Pages

Tuesday, May 07, 2024

Razors & a Tactile Presence of My Rosemary


 

 

When I leave my bedroom, there is a picture on the hallway of Rosemary and Alexandra that I took (Pentacon F camera with 50mm Tessar lens) March 1975, in the Desierto de Altar in Northern Mexico. With Hilary we were driving our blue VW Beetle from Mexico City to what was going to be our new home in Vancouver. The perspective of the mountains behind was odd as we could not tell if the mountains were far away or if they were close and small.

I see in this photograph with their smiles, the future that lay ahead of us. A new adventure we were to have in a new city.

Now I realize that it is all a memory. Rosemary and her smile are gone. Alexandra (we call her Ale, pronounced Aleh) remains. 

The Rest is Memory

No matter what I do or where I am in my Kits house it seems that I can experience the presence of Rosemary and her smile. Today I could not shave as the razor was worn out. The razor in question was the last one that was purchased in a set by Rosemary before she died on December 9, 2020. She always had handy for me my shaving cream and razors.

I had to go to Safeway with the razor in my pocket so that I could find the correct one. Rosemary would have known.

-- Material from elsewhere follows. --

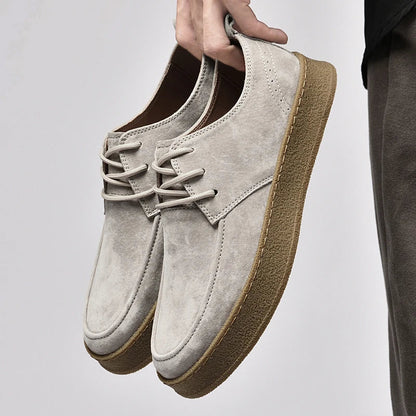Sneakers Suède Haut de Gamme pour Homme - Modèle Élite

Because I studied engineering (failed electricity) at Mexico City College in 1962 I was taught well the calculus. In calculus if you look at an asymptote curve you know that it will reach either the y axis or x axis only at infinity. It gets there little by little. What this means is that while I no longer have razors that Rosemary bought there are plenty of other indications of her existence in this house. While I may have memories of her, there are many tactile ones, too.